Life in Strange Review
- Apollo
- Oct 10, 2022
- 2 min read
Updated: Jun 28

Life Is Strange is a series of games revolving around human relationships and how delicate they can be. Each game has you constantly making important decisions that will affect things in both a positive and negative way. It’s up to you to weigh up all the options and decide how you want to handle each scenario. With that in mind I picked up the first entry simply called Life Is Strange.
Life Is Strange takes place in a town called Arcadia Bay. Our character, Max, grew up here and is now returning to attend Blackwell Academy in its photography programme. Max discovers she can manipulate time and uses it to save a girl who turns out to be her childhood best friend, Chloe. Chloe tells her about a missing girl that she was really close to and Max decides she would use her new power to find her.

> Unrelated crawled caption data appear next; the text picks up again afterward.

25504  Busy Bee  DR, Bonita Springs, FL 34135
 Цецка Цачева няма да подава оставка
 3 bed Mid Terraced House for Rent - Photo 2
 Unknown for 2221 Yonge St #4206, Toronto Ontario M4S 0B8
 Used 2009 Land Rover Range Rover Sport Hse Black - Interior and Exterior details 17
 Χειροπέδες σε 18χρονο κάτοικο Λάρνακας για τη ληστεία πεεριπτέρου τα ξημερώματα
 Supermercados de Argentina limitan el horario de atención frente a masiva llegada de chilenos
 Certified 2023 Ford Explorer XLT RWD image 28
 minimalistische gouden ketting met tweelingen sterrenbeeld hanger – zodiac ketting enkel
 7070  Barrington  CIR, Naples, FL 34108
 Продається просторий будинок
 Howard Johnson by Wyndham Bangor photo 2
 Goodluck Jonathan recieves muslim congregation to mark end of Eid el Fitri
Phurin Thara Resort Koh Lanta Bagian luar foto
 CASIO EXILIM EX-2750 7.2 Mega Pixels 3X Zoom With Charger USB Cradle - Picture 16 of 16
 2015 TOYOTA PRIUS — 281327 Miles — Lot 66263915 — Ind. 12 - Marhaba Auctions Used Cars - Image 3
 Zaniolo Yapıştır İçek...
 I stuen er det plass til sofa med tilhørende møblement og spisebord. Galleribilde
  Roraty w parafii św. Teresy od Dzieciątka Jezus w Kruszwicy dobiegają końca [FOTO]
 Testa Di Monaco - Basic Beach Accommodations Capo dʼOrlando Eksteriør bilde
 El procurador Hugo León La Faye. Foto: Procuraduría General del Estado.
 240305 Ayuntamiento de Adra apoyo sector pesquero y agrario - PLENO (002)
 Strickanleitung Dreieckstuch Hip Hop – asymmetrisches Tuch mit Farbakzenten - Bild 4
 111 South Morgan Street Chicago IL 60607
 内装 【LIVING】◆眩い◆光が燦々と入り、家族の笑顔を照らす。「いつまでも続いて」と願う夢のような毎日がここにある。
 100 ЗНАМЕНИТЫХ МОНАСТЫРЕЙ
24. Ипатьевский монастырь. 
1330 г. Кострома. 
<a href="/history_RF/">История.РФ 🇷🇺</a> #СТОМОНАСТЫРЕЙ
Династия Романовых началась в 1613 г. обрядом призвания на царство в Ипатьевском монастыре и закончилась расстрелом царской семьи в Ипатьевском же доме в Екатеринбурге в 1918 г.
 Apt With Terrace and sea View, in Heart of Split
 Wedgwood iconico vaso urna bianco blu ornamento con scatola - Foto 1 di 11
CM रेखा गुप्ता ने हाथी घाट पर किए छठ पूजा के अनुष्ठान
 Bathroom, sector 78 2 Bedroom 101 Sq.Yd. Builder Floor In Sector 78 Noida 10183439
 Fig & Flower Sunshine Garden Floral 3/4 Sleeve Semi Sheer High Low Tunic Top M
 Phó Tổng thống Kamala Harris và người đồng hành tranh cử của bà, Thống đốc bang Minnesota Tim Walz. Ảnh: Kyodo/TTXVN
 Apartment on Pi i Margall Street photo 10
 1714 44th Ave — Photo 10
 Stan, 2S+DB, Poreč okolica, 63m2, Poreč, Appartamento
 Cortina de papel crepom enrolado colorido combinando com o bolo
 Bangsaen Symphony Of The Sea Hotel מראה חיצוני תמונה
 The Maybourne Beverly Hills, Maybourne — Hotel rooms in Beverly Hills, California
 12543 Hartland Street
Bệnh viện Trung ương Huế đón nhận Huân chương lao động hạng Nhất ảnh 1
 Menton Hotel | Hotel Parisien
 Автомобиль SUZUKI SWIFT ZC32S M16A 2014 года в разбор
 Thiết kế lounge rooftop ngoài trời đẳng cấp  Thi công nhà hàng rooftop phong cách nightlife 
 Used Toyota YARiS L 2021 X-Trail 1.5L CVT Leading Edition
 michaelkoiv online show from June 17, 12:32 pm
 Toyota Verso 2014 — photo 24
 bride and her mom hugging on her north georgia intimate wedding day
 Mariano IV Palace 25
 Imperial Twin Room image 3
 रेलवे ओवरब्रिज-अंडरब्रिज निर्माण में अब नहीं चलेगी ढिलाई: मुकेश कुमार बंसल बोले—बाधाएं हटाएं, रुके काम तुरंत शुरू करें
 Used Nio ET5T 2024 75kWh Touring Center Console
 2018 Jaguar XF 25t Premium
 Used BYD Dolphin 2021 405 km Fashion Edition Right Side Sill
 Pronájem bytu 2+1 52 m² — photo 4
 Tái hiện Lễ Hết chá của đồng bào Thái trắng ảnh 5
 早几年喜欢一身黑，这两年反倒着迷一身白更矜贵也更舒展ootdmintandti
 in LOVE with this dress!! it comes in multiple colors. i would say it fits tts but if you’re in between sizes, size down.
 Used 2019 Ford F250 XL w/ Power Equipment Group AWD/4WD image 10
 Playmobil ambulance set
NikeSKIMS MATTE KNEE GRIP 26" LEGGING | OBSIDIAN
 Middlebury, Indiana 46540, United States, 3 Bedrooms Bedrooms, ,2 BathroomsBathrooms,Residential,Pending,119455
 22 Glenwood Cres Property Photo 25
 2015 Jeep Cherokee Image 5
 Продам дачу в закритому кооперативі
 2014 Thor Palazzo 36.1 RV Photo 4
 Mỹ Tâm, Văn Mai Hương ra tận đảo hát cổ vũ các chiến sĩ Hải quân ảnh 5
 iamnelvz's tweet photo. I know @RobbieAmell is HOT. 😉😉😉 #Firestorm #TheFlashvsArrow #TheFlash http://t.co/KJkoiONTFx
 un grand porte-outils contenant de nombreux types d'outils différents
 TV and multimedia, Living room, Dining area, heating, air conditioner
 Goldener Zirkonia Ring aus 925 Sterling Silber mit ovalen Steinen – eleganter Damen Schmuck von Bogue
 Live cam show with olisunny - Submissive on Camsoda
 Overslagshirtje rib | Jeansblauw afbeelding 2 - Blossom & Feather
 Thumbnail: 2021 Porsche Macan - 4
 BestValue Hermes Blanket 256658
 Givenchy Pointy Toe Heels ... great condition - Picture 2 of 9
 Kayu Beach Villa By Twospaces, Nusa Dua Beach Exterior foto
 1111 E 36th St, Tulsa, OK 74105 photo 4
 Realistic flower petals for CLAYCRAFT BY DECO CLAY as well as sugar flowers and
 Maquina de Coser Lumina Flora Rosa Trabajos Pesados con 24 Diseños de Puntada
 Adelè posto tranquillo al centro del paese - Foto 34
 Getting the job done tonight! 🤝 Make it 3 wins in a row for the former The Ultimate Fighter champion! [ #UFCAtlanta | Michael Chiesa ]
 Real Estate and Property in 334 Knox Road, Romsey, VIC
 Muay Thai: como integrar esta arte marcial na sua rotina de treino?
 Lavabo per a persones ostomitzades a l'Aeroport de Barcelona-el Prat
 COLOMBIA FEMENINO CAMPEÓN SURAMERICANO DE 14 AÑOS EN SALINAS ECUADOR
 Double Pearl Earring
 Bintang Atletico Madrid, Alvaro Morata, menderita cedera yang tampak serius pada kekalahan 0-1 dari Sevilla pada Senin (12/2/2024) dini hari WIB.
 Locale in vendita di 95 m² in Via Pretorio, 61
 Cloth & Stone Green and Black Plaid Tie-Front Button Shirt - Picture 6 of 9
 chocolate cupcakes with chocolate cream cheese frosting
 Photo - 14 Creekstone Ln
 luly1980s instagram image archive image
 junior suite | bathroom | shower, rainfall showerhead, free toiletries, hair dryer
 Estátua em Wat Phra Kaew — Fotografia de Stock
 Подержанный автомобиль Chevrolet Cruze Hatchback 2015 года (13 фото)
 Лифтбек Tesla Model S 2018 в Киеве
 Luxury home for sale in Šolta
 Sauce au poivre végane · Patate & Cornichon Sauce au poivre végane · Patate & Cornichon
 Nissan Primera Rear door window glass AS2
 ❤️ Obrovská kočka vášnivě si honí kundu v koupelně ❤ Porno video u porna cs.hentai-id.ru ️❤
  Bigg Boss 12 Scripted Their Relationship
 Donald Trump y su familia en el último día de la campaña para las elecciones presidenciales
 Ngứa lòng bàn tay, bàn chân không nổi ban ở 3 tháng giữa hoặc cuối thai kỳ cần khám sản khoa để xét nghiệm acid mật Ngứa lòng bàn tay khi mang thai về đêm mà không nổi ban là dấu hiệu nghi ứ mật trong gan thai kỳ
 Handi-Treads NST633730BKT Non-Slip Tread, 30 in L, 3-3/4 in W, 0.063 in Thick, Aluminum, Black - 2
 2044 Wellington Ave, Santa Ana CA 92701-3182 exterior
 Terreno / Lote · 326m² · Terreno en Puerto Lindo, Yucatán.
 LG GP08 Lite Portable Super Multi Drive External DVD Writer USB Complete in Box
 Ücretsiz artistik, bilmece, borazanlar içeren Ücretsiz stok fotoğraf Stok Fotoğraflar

Along the way Max will have to juggle school life with detective work and in the end, she can’t keep everybody pleased.
The first entry in the series pulls no punches. The way you’re always making decisions means you often immediately see the consequences. It’s when I’m presented with the perma-decisions that I really stop to consider my choice. My only real complaint is that it’s not always clear what I need to do. I did have to look up a guide a few times just to progress. The remaster has its own problems, a lot of them being glitches. But the updated graphics do look much nicer.
It's a story of complications and manipulations that’ll have anyone who finishes it wondering how could things have played out differently.